Task directions: Copy out precisely the lines from the start of the data through the line with "A conference room", and keep pictures out of it.

[Short web captions]
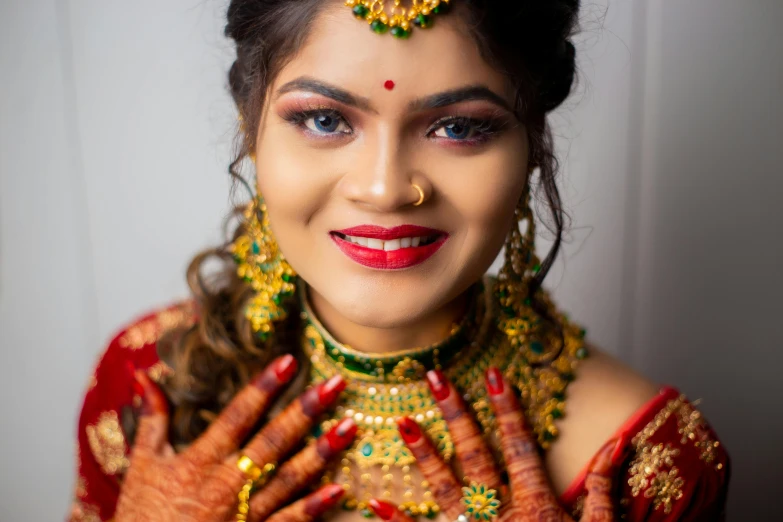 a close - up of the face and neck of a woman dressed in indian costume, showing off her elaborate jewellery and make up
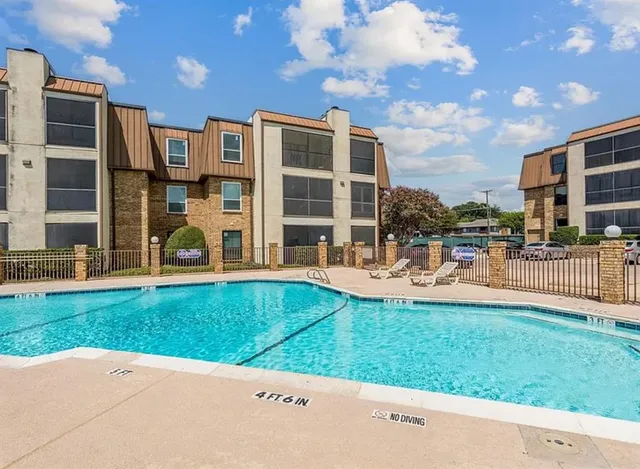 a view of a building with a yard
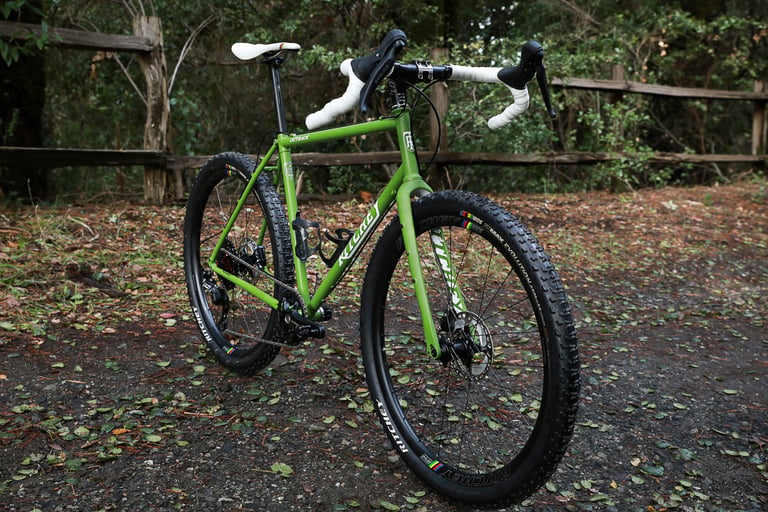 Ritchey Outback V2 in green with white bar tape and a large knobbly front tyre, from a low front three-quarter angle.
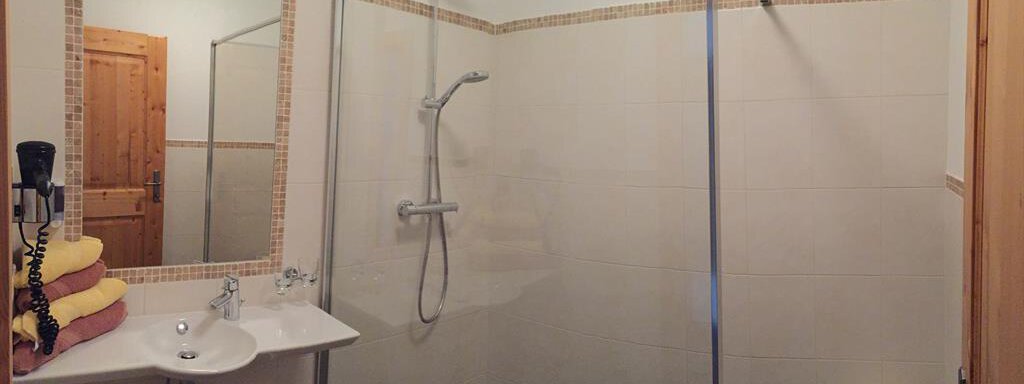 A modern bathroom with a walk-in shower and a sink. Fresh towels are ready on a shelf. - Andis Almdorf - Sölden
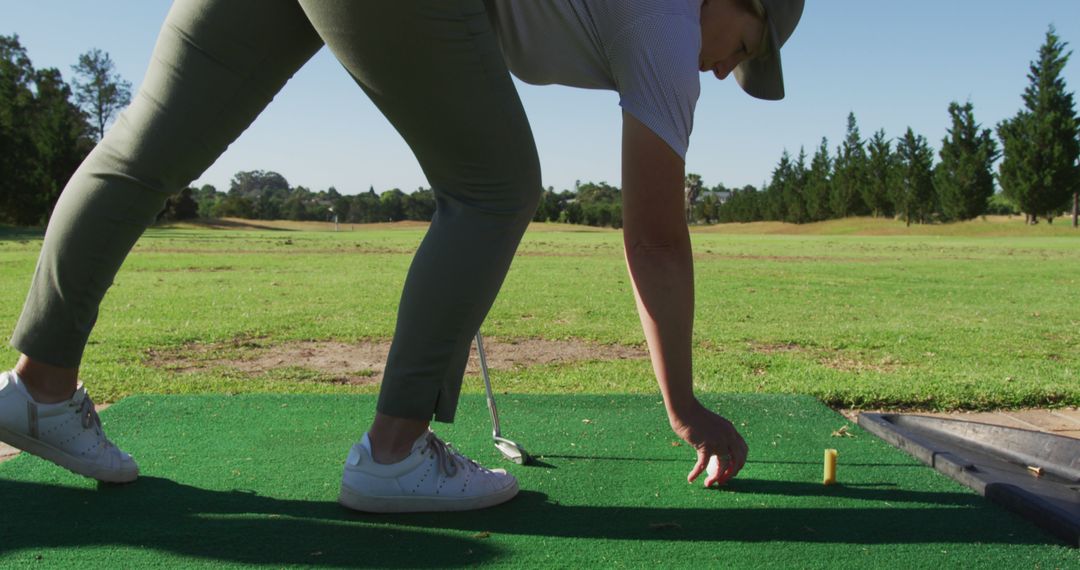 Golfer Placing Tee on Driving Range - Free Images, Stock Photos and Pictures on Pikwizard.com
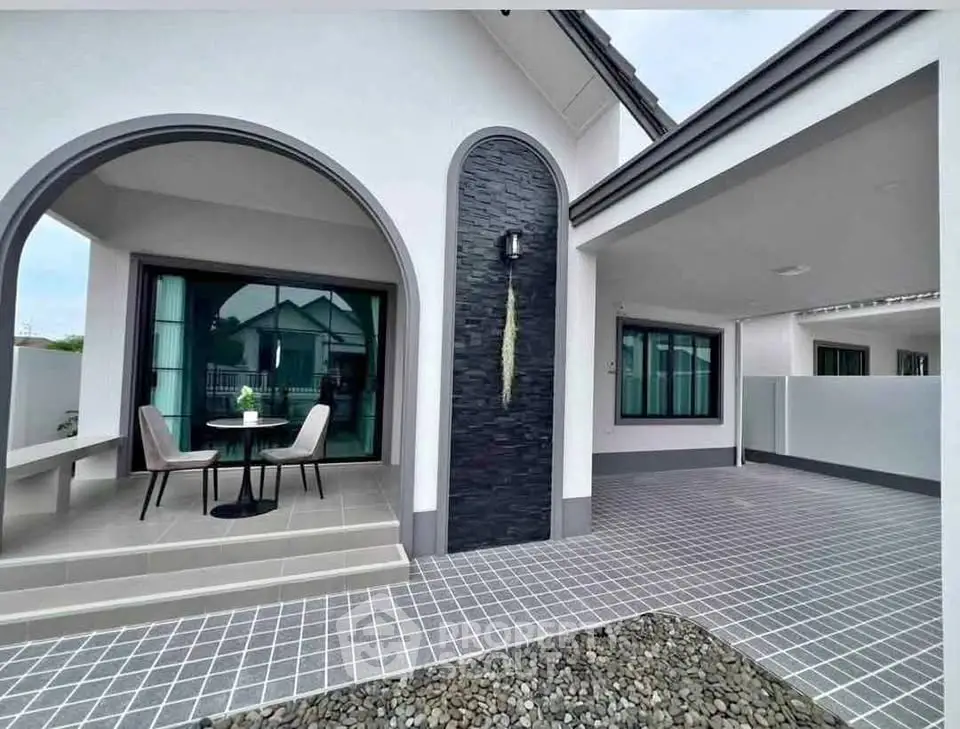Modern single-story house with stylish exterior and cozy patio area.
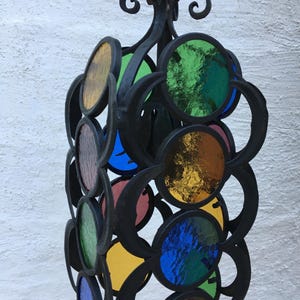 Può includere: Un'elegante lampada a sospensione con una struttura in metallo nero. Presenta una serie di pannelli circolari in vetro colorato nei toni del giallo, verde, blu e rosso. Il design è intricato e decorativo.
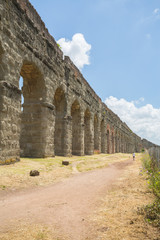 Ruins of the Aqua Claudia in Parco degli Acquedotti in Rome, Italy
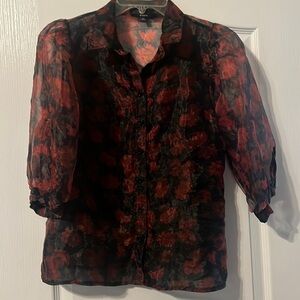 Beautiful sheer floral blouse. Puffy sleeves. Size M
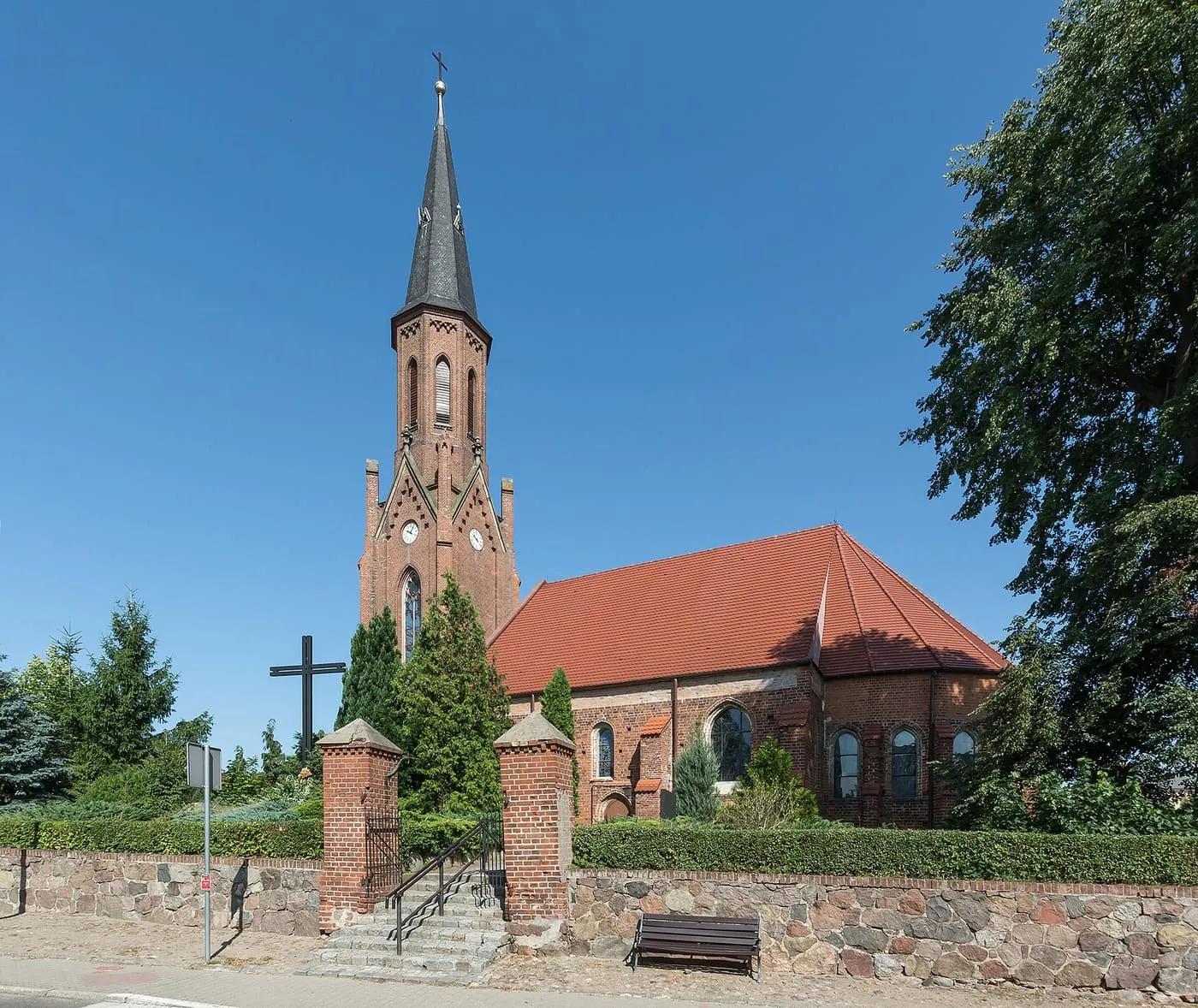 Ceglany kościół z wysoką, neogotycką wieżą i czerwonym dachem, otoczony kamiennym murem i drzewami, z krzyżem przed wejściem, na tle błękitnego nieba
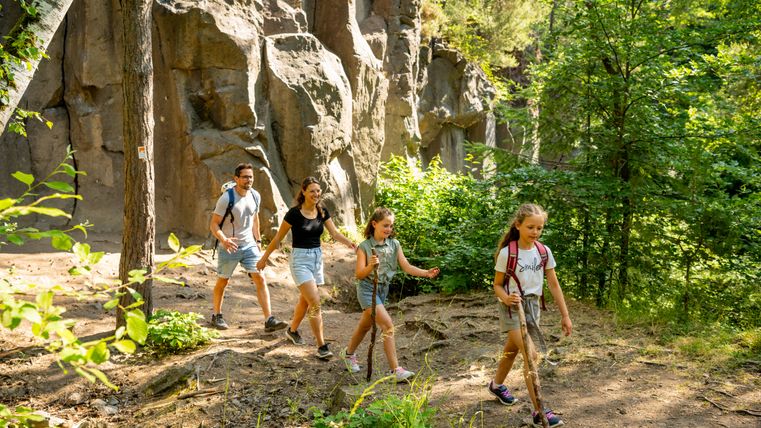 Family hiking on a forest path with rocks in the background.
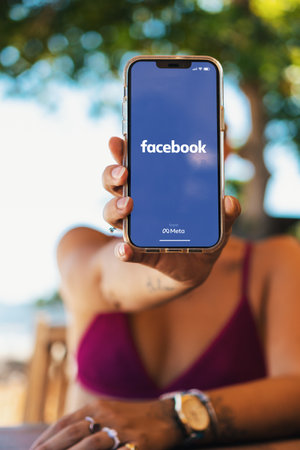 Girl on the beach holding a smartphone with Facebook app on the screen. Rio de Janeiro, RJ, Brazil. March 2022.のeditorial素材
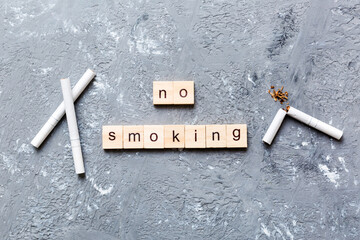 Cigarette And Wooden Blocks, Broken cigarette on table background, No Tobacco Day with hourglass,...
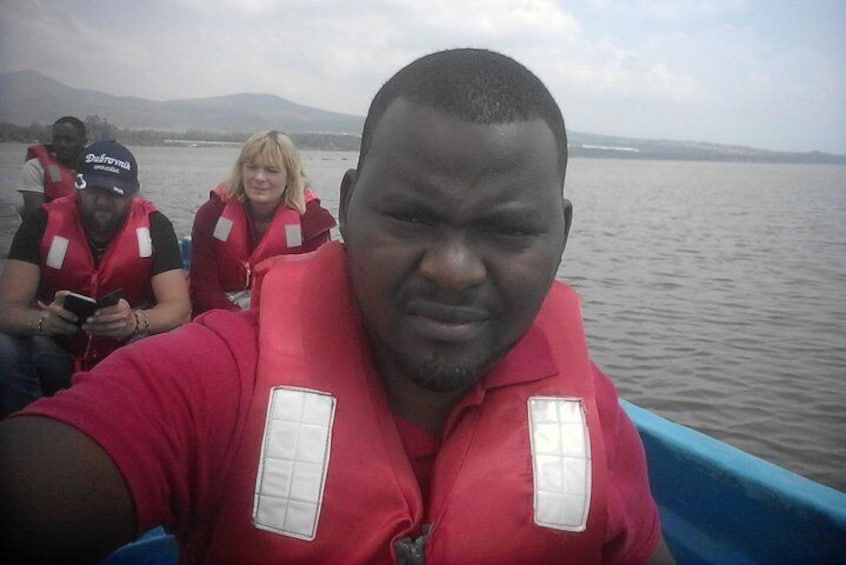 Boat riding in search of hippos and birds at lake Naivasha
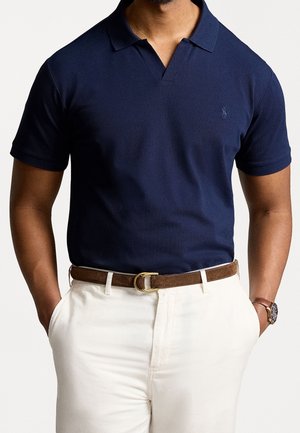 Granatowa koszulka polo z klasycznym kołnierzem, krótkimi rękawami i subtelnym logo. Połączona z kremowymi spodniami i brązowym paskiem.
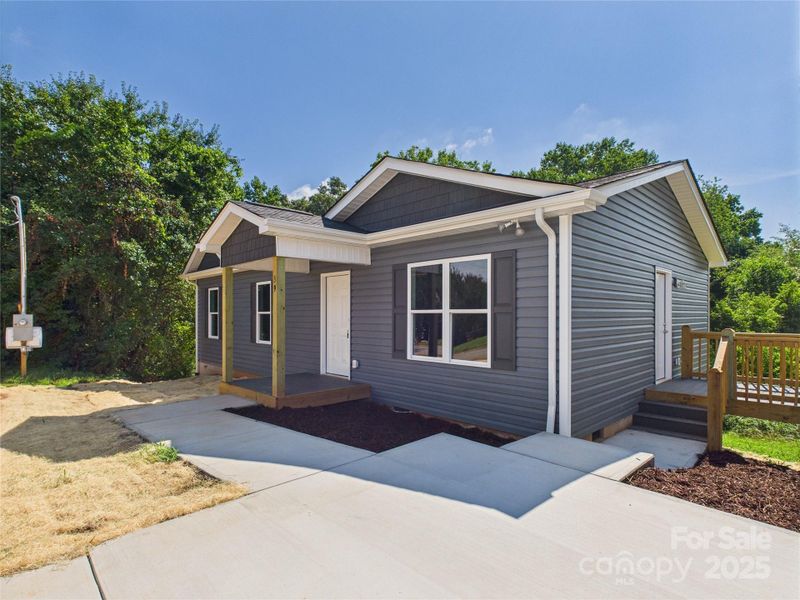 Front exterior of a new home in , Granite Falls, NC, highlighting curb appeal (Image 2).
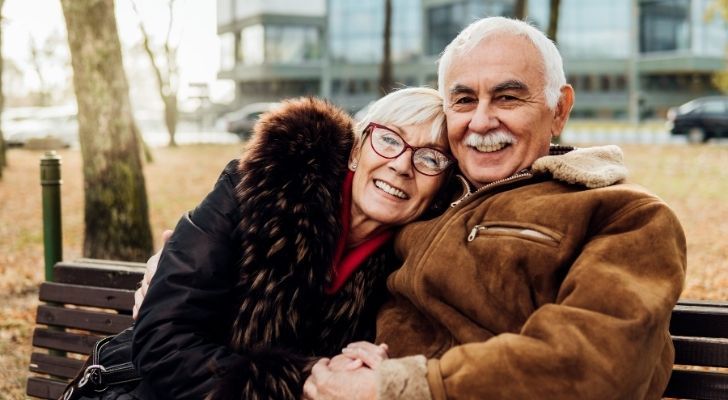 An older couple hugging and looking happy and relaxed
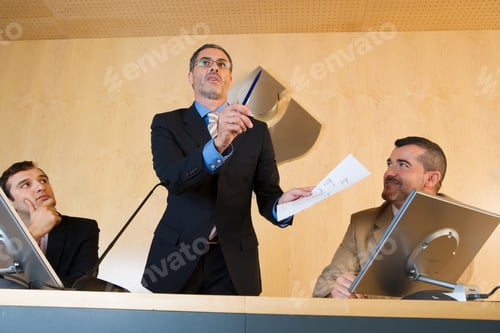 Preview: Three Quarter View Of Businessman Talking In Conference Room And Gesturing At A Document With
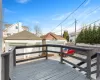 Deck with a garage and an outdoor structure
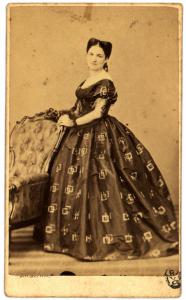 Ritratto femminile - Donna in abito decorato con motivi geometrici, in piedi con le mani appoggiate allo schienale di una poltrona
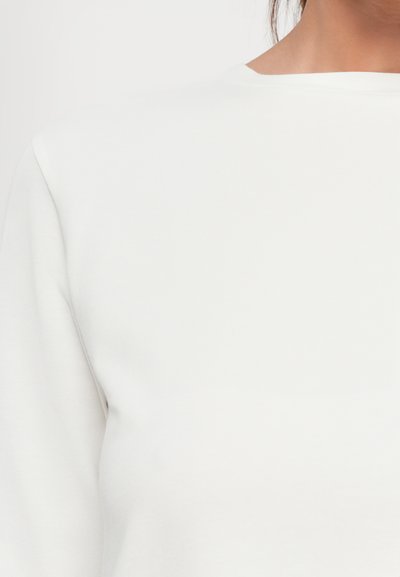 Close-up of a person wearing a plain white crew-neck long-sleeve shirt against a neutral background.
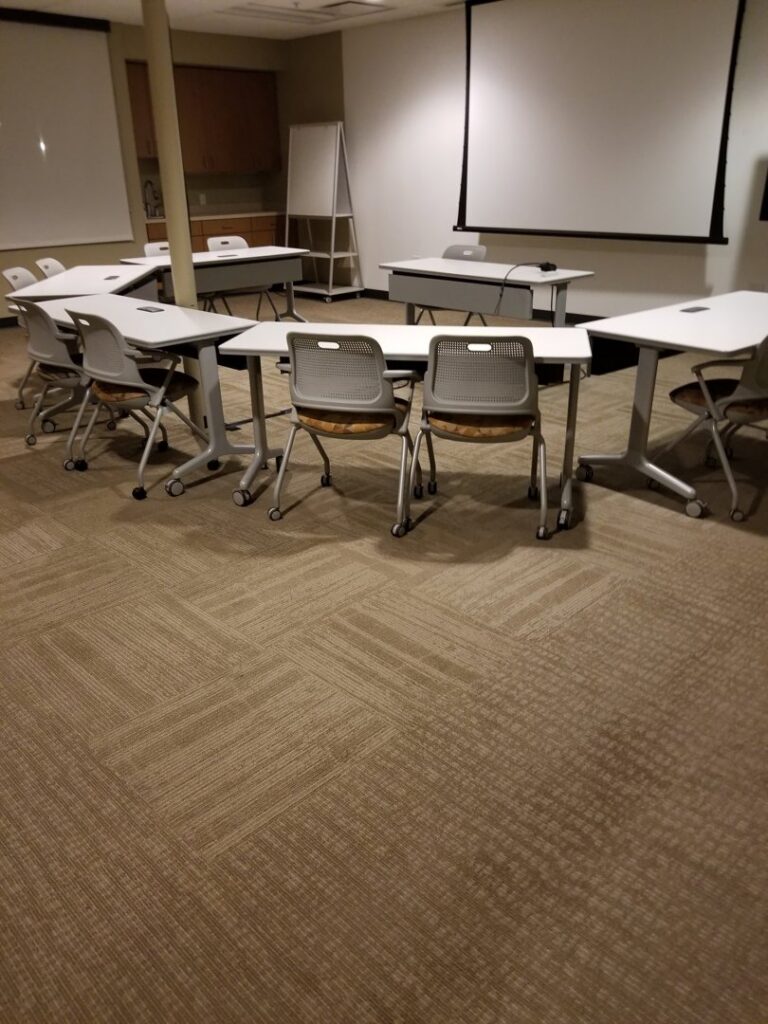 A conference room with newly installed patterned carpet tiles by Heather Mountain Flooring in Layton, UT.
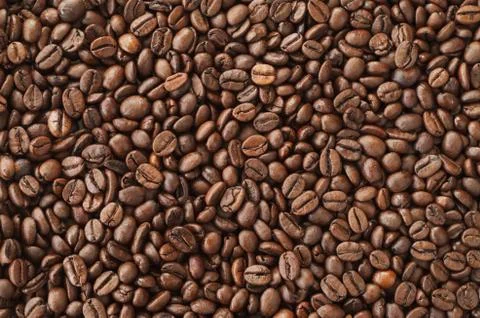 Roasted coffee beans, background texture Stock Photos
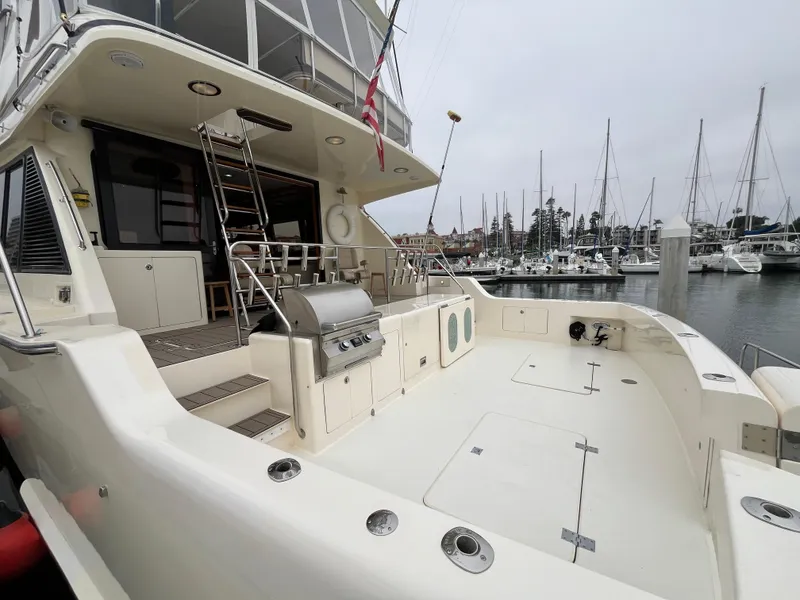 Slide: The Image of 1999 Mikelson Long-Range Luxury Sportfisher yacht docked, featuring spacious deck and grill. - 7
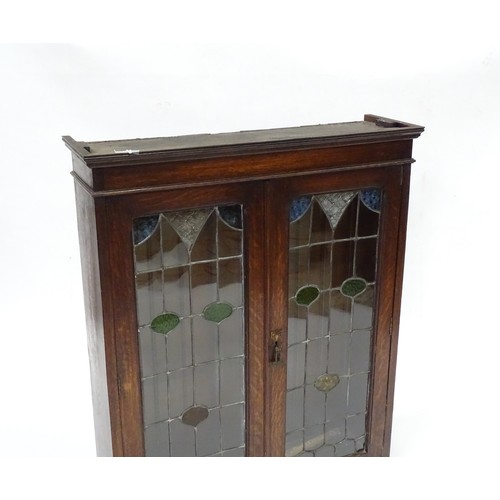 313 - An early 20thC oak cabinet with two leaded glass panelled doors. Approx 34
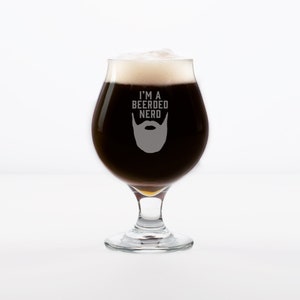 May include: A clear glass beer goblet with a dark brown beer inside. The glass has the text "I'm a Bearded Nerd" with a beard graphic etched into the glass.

Expected answer:
 a close - up of the face and neck of a woman dressed in indian costume, showing off her elaborate jewellery and make up
 a view of a building with a yard
 Ritchey Outback V2 in green with white bar tape and a large knobbly front tyre, from a low front three-quarter angle.
 A modern bathroom with a walk-in shower and a sink. Fresh towels are ready on a shelf. - Andis Almdorf - Sölden
 Golfer Placing Tee on Driving Range - Free Images, Stock Photos and Pictures on Pikwizard.com
Modern single-story house with stylish exterior and cozy patio area.
 Può includere: Un'elegante lampada a sospensione con una struttura in metallo nero. Presenta una serie di pannelli circolari in vetro colorato nei toni del giallo, verde, blu e rosso. Il design è intricato e decorativo.
 Ruins of the Aqua Claudia in Parco degli Acquedotti in Rome, Italy
 Beautiful sheer floral blouse. Puffy sleeves. Size M
 Ceglany kościół z wysoką, neogotycką wieżą i czerwonym dachem, otoczony kamiennym murem i drzewami, z krzyżem przed wejściem, na tle błękitnego nieba
 Family hiking on a forest path with rocks in the background.
 Girl on the beach holding a smartphone with Facebook app on the screen. Rio de Janeiro, RJ, Brazil. March 2022.のeditorial素材
 Cigarette And Wooden Blocks, Broken cigarette on table background, No Tobacco Day with hourglass,...
 Boat riding in search of hippos and birds at lake Naivasha
 Granatowa koszulka polo z klasycznym kołnierzem, krótkimi rękawami i subtelnym logo. Połączona z kremowymi spodniami i brązowym paskiem.
 Front exterior of a new home in , Granite Falls, NC, highlighting curb appeal (Image 2).
 An older couple hugging and looking happy and relaxed
 Preview: Three Quarter View Of Businessman Talking In Conference Room And Gesturing At A Document With
 Deck with a garage and an outdoor structure
 Ritratto femminile - Donna in abito decorato con motivi geometrici, in piedi con le mani appoggiate allo schienale di una poltrona
 Close-up of a person wearing a plain white crew-neck long-sleeve shirt against a neutral background.
 A conference room with newly installed patterned carpet tiles by Heather Mountain Flooring in Layton, UT.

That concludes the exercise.